Way back in Jan, I mentioned a problem we were seeing on our Sun JES messaging server machines with corrupt disks. After some fscking and much swearing (more downtime. *sigh*) Sun couldn’t really come up with a definite reason but given they had pretty much ruled everything else out they decided it was worth upgrading the firmware in the 3510 arrays that we use as message stores. Given we were running v3.x firmware and the upgrade to v4.x firmware looked terrifying we were pretty pleased that they were going to do this for us.

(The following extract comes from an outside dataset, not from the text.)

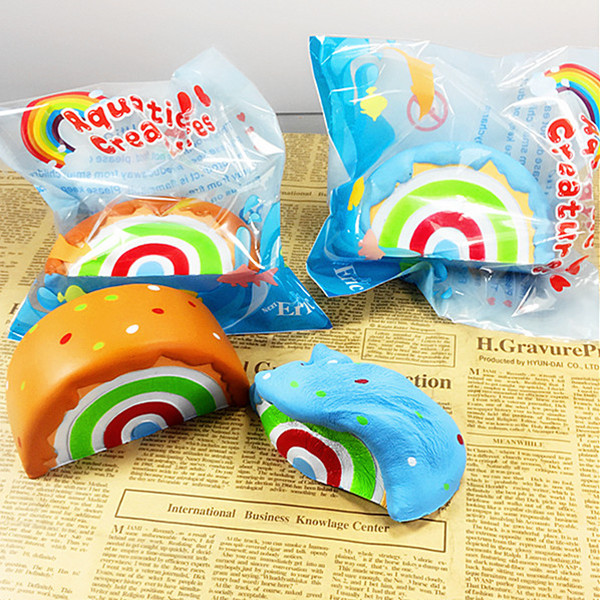 Eric-Squishy-Rainbow-Cake-10cm-Slow-Rising-Original-Packaging-Collection-Gift-Decor-Toy-1152730-1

They came, they swore a bit, they finally managed to upgrade us to v4.15F. Great. Problem solved. Or so we thought. A few days later we see
Mar 2 02:45:02 mailstore2 ufs: [ID 913664 kern.warning] WARNING: /data/mailstore2/msg/students4: unexpected allocated inode 2050084, run fsck(1M) -o f
Mar 2 02:45:02 mailstore2 ufs: [ID 913664 kern.warning] WARNING: /data/mailstore2/msg/students4: unexpected allocated inode 2050095, run fsck(1M) -o f
Then we get
Mar 6 10:08:51 mailstore2 ufs: [ID 913664 kern.warning] WARNING: /data/mailstore2/msg/staff2: unexpected allocated inode 6310183, run fsck(1M) -o f
And so it continues. We are still seeing some form of filesystem rot…and if anything, it’s now worse than it was 🙁 Due to the amount of downtime we have already had on this so-called resilient HA system (Sun, this is getting harder and harder to sell to management btw, particularly as it seems impossible to even get a renewal quote for the bloody thing. Exchange is creeping up…) it was decided by some
expertsmanagers that we should shut the system down and fsck a filesystem each week during our normal at risk period. A dangerous idea given we have already had one kernel panic but understandable given the bad image the system already has.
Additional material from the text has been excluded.